Alex Cobham, chief executive of the Tax Justice Network, tweeted: "The three pages of text in this [OECD] policy note may be more significant than the thousands that made up the BEPS project."
The report signals the OECD’s understanding of "the incompatibility of the arm’s-length principle with reality," he wrote.
The Independent Commission for the Reform of International Corporate Taxation (ICRICT) said: "This note shows clearly that the OECD is finally ready to engage on real reforms that ICRICT has constantly advocated for."
"The opportunity has now finally emerged to redesign international tax rules to make them fit for the twenty-first century."
Daniel Bunn, a researcher at the right-leaning Tax Foundation, was more cautious.

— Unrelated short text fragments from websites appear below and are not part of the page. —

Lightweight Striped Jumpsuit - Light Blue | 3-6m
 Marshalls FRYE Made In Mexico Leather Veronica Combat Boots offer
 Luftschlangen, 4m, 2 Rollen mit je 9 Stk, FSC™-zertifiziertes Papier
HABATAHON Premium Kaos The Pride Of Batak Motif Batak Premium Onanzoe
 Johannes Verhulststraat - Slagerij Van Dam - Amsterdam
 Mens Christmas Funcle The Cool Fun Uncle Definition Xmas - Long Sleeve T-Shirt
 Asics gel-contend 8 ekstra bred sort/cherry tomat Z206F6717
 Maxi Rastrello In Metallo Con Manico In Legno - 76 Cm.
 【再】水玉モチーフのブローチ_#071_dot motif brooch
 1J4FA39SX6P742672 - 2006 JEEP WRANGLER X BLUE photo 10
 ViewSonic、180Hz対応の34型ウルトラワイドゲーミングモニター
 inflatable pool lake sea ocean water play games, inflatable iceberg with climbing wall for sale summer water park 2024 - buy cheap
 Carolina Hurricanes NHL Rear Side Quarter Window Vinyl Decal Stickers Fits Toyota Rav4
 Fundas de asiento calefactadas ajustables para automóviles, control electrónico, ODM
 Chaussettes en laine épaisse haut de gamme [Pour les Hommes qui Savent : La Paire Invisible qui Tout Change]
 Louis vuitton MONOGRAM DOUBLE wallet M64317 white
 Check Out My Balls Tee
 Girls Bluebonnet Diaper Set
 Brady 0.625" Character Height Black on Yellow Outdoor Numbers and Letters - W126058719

"The OECD seems committed to making some fundamental changes to international taxation," he told International Tax Review. But he cautioned that "it is important that [the OECD] also pay attention to economic costs.
"Increasing effective tax rates faced by multinationals could have significant spillover effects for trade, FDI, and global growth; some of the options would likely do just that, and the potential tradeoffs need to be evaluated."
EU’s digital tax effort goes on
Meanwhile, in spite of a failure to reach consensus in December, the European Commission is continuing its efforts to reach agreement on an interim digital advertising tax (DAT) to replace the earlier proposed European digital services tax (DST).
"The Romanian Presidency is continuing to work on a digital advertising tax (DAT) as proposed by France and Germany at the December ECOFIN meeting with the aim to reach agreement by March 2019," said Stephen Quest, the European Commission’s director general for taxation.
He cautioned against countries taking steps to tax the digital economy alone. "Unilateral measures risk fragmenting the single market and avoiding such risk is the reason why we need urgent and immediate action at EU level," he told ITR.
On other hand, he cautioned, "we [the European Commission] cannot tell member states not to apply their own national measures".
The Economic and Financial Affairs Council will meet in March.